# [What is being asked]
Using only the entries below, copy exactly the lines that begin at the one with "Eiken: Teamanlass der" and end at the one with "canonnier deluxe sea", both included. Drop the pictures.

# [Dataset content]

┌────────

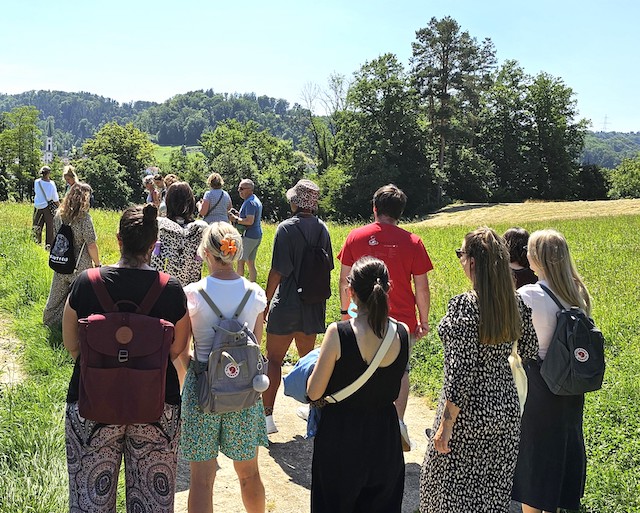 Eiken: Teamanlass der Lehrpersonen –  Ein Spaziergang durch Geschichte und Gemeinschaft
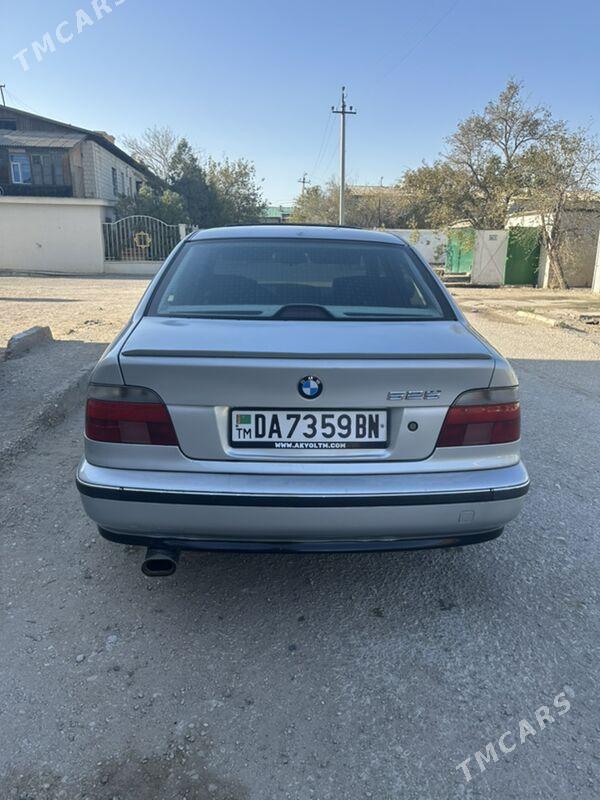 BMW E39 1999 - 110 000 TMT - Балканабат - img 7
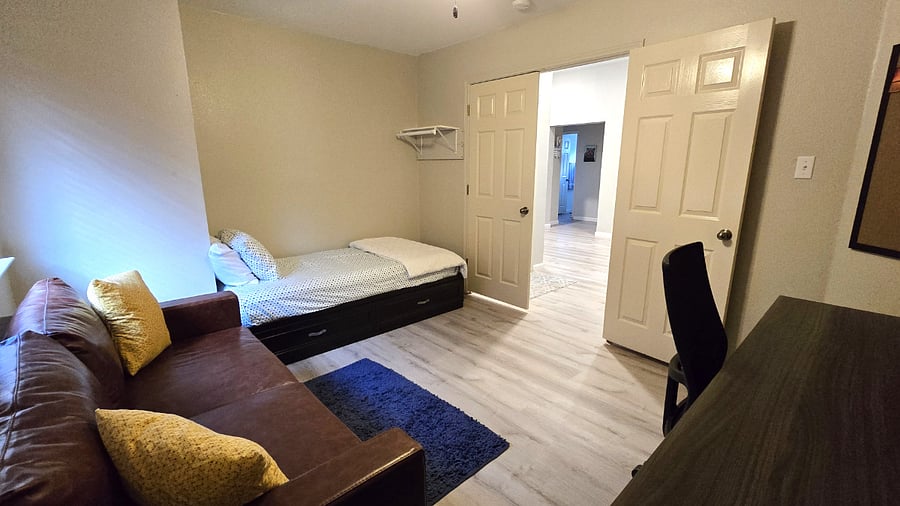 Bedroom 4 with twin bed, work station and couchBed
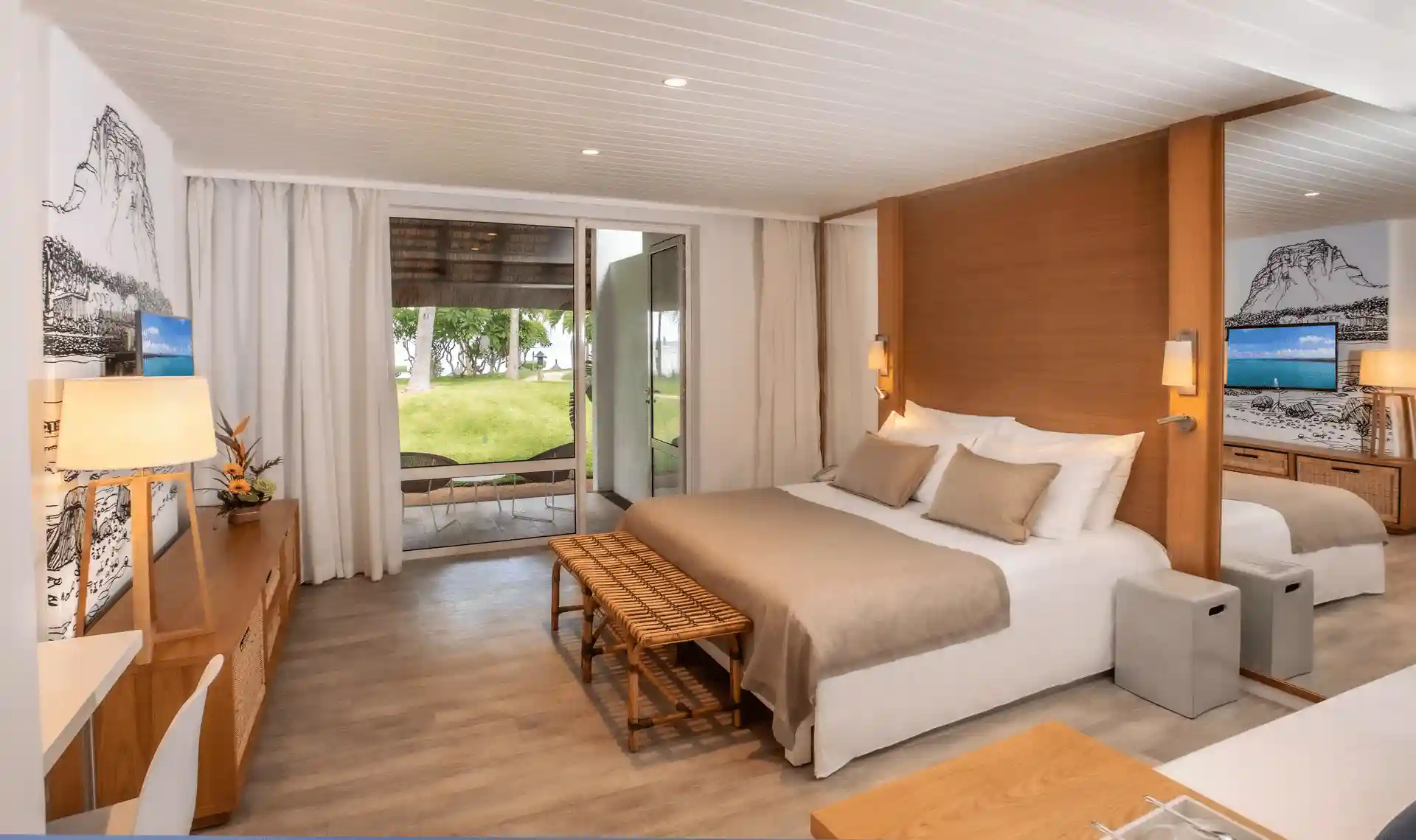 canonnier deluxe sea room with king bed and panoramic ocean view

└────────
┌────────

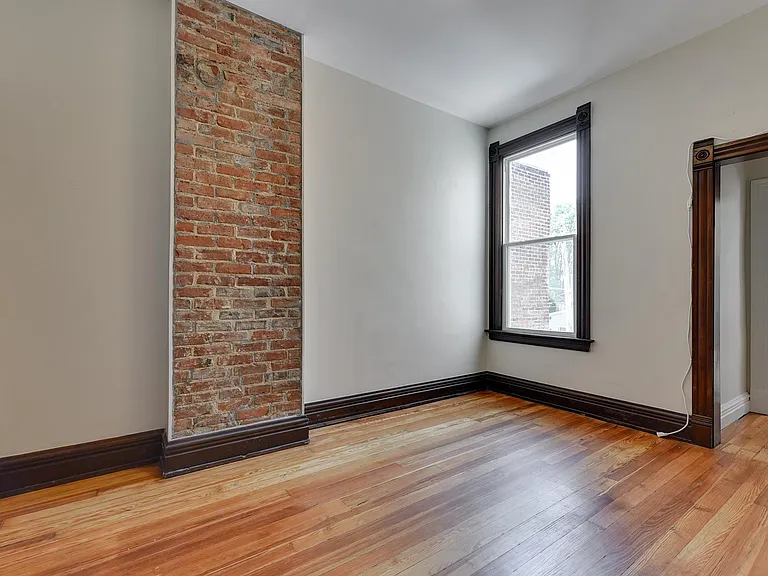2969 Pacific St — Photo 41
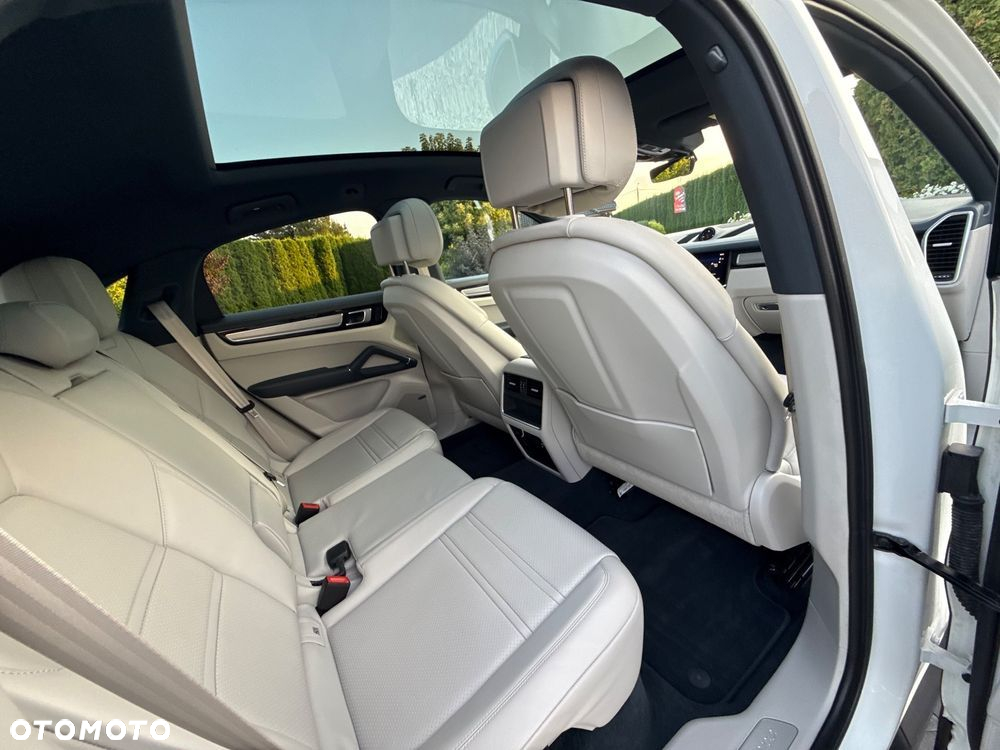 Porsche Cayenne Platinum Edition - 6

└────────

# [Response]
 Eiken: Teamanlass der Lehrpersonen –  Ein Spaziergang durch Geschichte und Gemeinschaft
 BMW E39 1999 - 110 000 TMT - Балканабат - img 7
 Bedroom 4 with twin bed, work station and couchBed
 canonnier deluxe sea room with king bed and panoramic ocean view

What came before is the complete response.